Expenditures for maintenance and repairs are expensed as incurred.
Significant betterments are capitalized.
GOODWILL -- Goodwill represents the excess of purchase price over the
estimated fair value of the net assets acquired and is being amortized over a 40
year period. The cumulative amount of goodwill amortization at December 31, 1996
was approximately $98,000.
The Company periodically reviews goodwill to assess recoverability. The
Company's policy is to compare the carrying value of goodwill with the expected
undiscounted cash flows from operations of the acquired business.
MARKETABLE EQUITY SECURITIES -- The Company's marketable equity securities
are classified as "available for sale" and are not bought and held principally
for the purpose of selling them in the near term. As such, these securities are
reported at fair value, with unrealized gains and losses, net of tax, excluded
from earnings and reported as a separate component of stockholders' equity.
Realized gains and losses on sales of marketable equity securities are
determined using the specific identification method.

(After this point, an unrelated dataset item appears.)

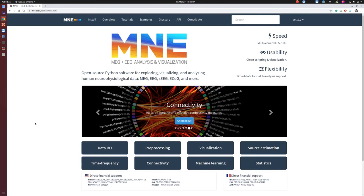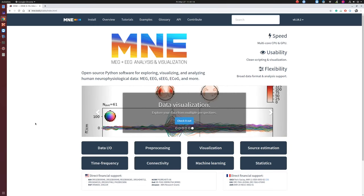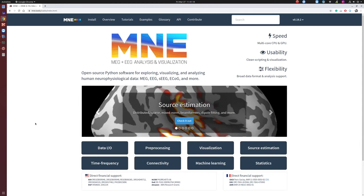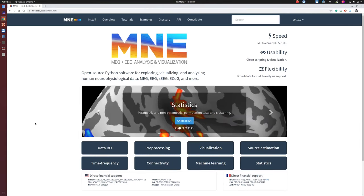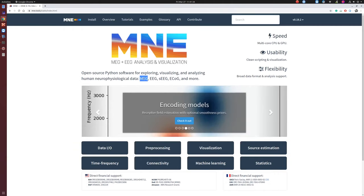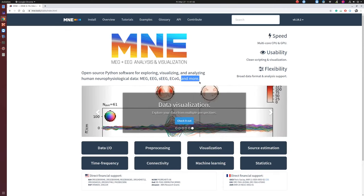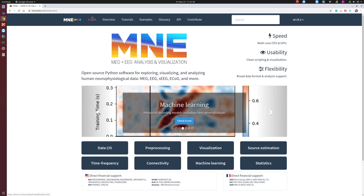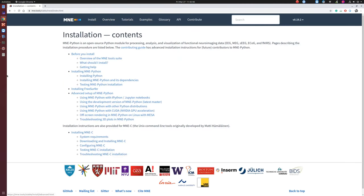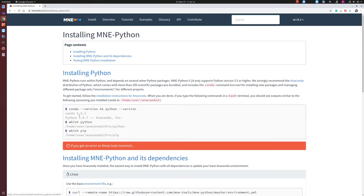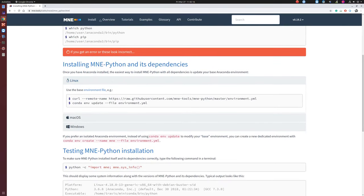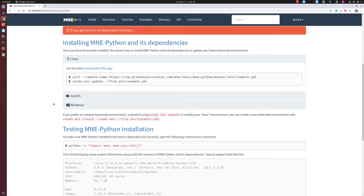In this video, I will introduce you to a software called MNE. It is a Python-based open-source software developed for analyzing human neurophysiological data. Mainly, you can use this toolbox for analyzing MEG, EEG, SEEG, ECOG, and many more time series kinds of data. The website provides a lot of tutorials.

INCOME TAXES -- Income taxes are provided for the tax effects of
transactions reported in the financial statements and consist of taxes currently
due plus deferred taxes related primarily to the capitalization of additional
inventory costs for income tax purposes, the recording of chargebacks and
repossession losses on the direct write-off method for income tax purposes, the
direct write-off of uncollectible accounts for income tax purposes, and the
accelerated depreciation method used for income tax purposes. The deferred tax
assets and liabilities represent the future tax return consequences of those
differences, which will either be taxable or deductible when the assets and
liabilities are recovered or settled. In addition, deferred tax assets are
recognized for state operating losses that are available to offset future
taxable income.
CONCENTRATIONS OF CREDIT RISK -- Financial instruments which potentially
subject the Company to concentrations of credit risk consist principally of cash
on deposit with financial institutions. At times, amounts invested with
financial institutions may exceed FDIC insurance limits.
F-9
<PAGE>
SONIC AUTOMOTIVE, INC.
AND AFFILIATED COMPANIES
NOTES TO COMBINED AND CONSOLIDATED FINANCIAL STATEMENTS -- CONTINUED
1. DESCRIPTION OF BUSINESS AND SUMMARY OF SIGNIFICANT ACCOUNTING
POLICIES -- Continued
Concentrations of credit risk with respect to receivables are limited
primarily to automobile manufacturers and financial institutions. Credit risk
arising from trade receivables from commercial customers is reduced by the large
number of customers comprising the trade receivables balances. Trade receivables
are concentrated in the Company's two market areas of Houston, Texas and
Charlotte, North Carolina metropolitan areas.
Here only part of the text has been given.